Le projet de loi sur la lutte contre le gaspillage est débattu à partir du 9 décembre dans l’hémicycle de l’Assemblée nationale. - © lovelyday12

Elisabeth Borne et Brune Poirson n’en démordent pas. La ministre de la Transition écologique et solidaire et sa secrétaire d’Etat ont réaffirmé mardi 26 novembre vouloir inscrire dans le projet de loi sur la lutte contre le gaspillage et l’économie circulaire, le lancement de dispositifs de consigne des bouteilles en plastique pour les ménages, mais seulement dans « les territoires volontaires, notamment en outre-mer », lors d’expérimentations.

Elisabeth Borne et Brune Poirson précisent dans un communiqué avoir réuni lundi « des associations d’élus, des organisations professionnelles et des organisations non gouvernementales (ONG) ».

Ce rendez-vous « a permis de confirmer que la loi inscrira un objectif de réduction des plastiques à usage unique ainsi que les objectifs européens de 77 % de collecte pour recyclage des bouteilles en plastique en 2025 et de 90 % en 2029 ».

Contestation au Sénat

Le Sénat avait limité le dispositif lors de l’adoption du projet de loi en première lecture. Le texte voté le 27 septembre fixe la possibilité d’imposer « aux producteurs ou à leur éco-organisme de mettre en œuvre sur le territoire des dispositifs de consigne pour réemploi, réutilisation ou recyclage des produits consommés ou utilisés par les ménages ». Le projet de loi initial évoquait également le « recyclage » parmi les objectifs de la consigne, mais les sénateurs ont retiré ce mot.

Plusieurs élus du Palais du Luxembourg avaient vivement critiqué la réforme. Le sénateur Union centriste Hervé Maurey, président de la commission de l’Aménagement du territoire et du développement durable, y avait vu « un recul en matière d’écologie » qui « légitime le recours à la bouteille en plastique ».

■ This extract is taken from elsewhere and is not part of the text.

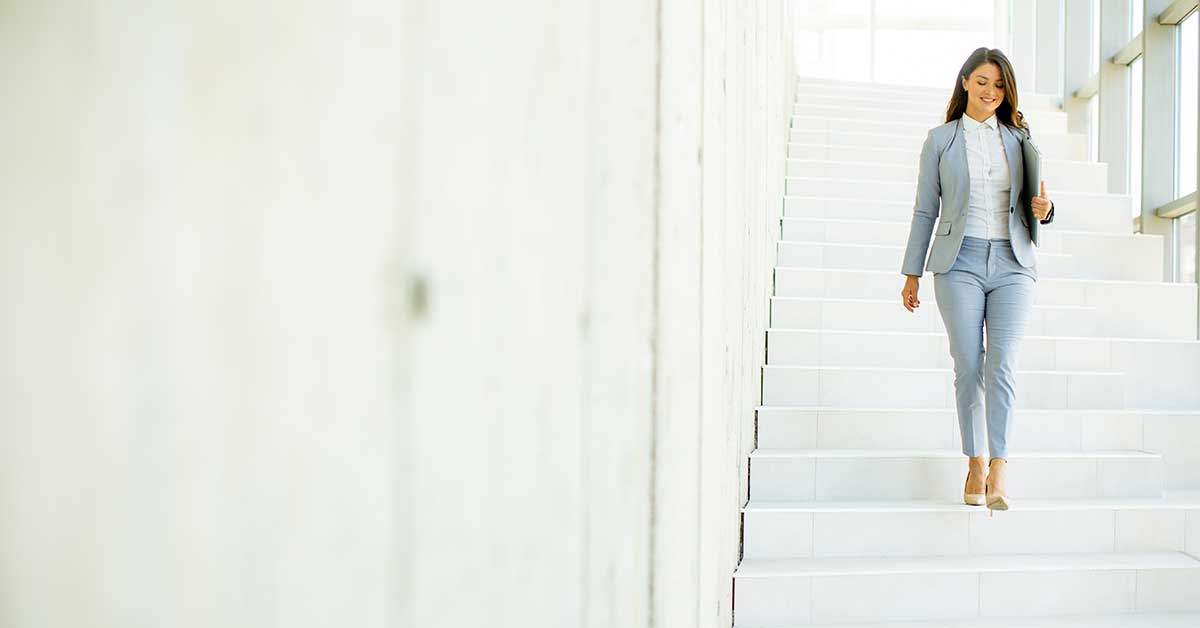 A confident woman in a light gray suit walks down a wide, white staircase in a bright, modern building, exemplifying the strength and elegance of women in contemporary settings.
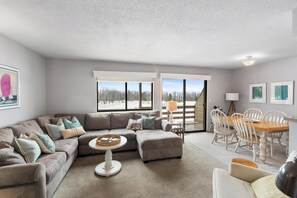 A living room with a sofa, ottoman, coffee table, and a dining area with chairs and a table. - 4BR Pool Access, Near Nubs Nob and Petoskey (Harbor Springs)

« Ce n’est d’ailleurs pas un hasard si un certain nombre d’industriels, au premier desquels Coca Cola, sont absolument à fond pour cette mesure », expliquait auprès de Public Sénat le parlementaire. Brune Poirson avait consulté des dirigeants de Coca Cola France, qui a mené un intense lobbying auprès des sénateurs.

Actuellement examiné en commission à l’Assemblée nationale, le projet de loi doit être débattu dans l’hémicycle du Palais Bourbon à partir du 9 décembre.